INSTRUCTIONS FOR THE TASK:
Images excluded, return every record exactly as it reads.

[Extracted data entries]
■ ■ ■
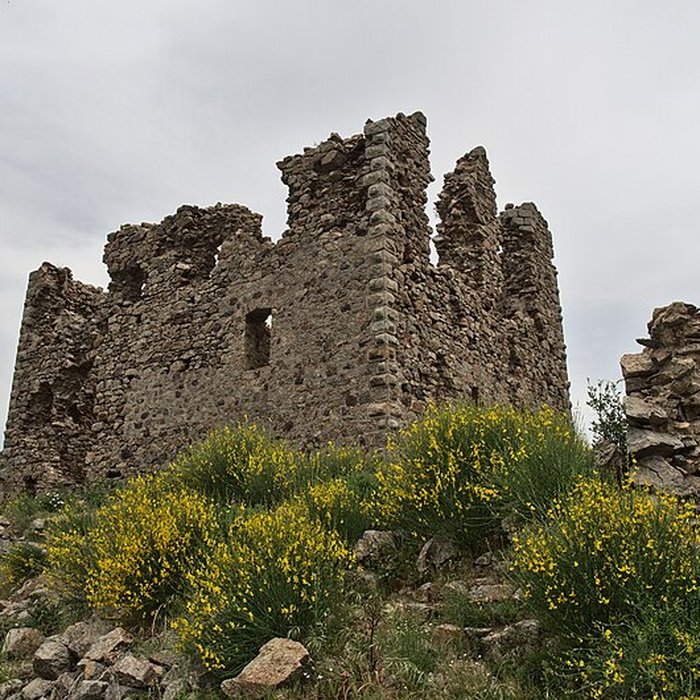 Photo de Ruines du fort de Vivario ou redoute de Pasciola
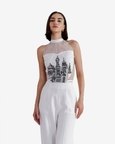 Horus Hic Halter Neck Top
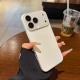 New Matte Solid-color, Skin-feel Crystal Full-body Lens-protecting Phone Case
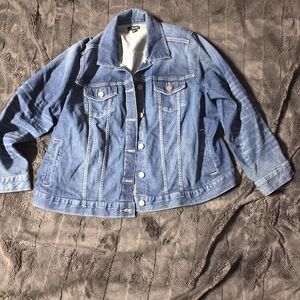 A.N.A. Jean Jacket 3X Wore 1 Time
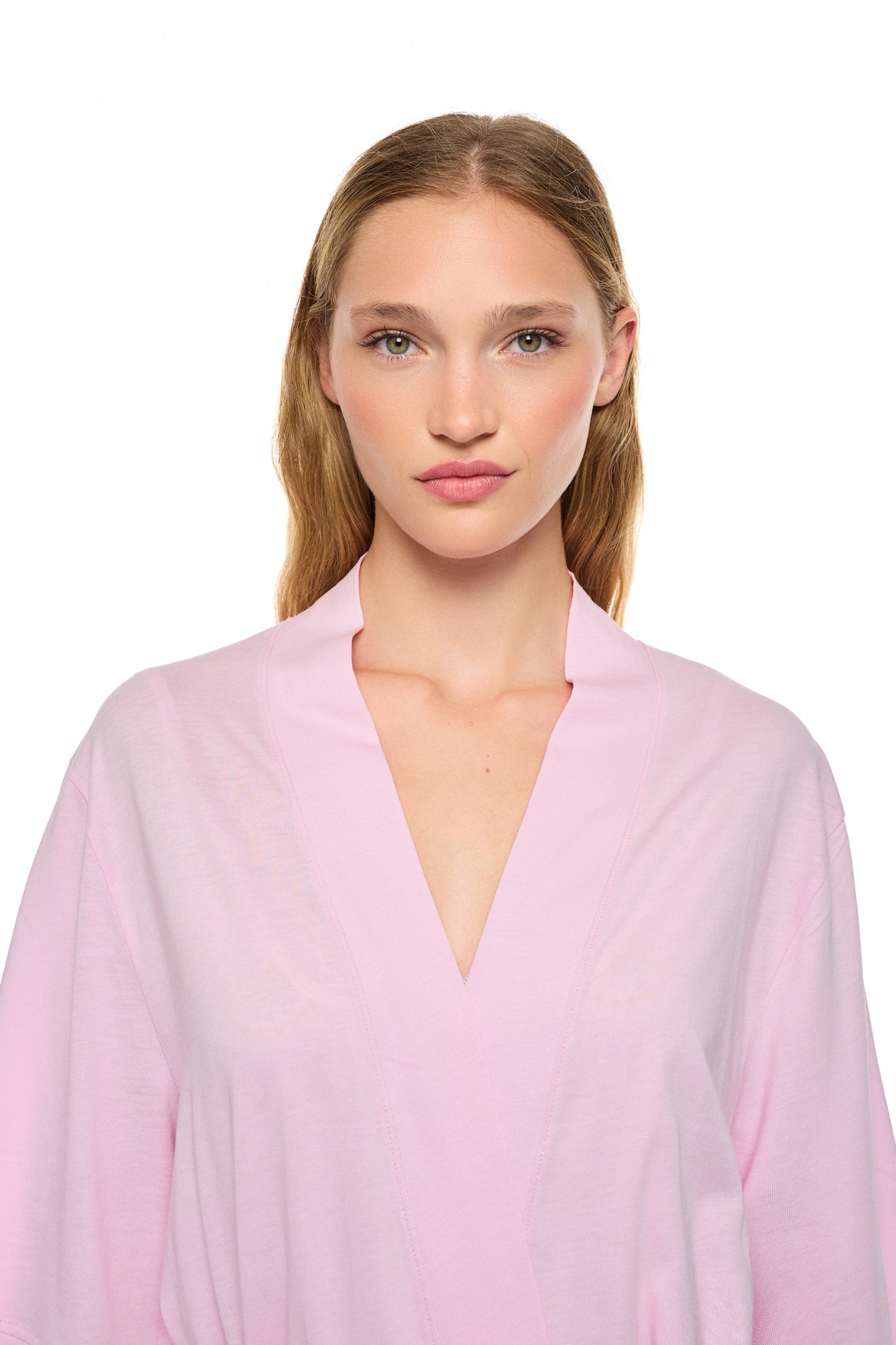 Pink Label - Robe Solid Nos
■ ■ ■
RESULT FOR THIS EXERCISE:
 Photo de Ruines du fort de Vivario ou redoute de Pasciola
 Horus Hic Halter Neck Top
 New Matte Solid-color, Skin-feel Crystal Full-body Lens-protecting Phone Case
 A.N.A. Jean Jacket 3X Wore 1 Time
 Pink Label - Robe Solid Nos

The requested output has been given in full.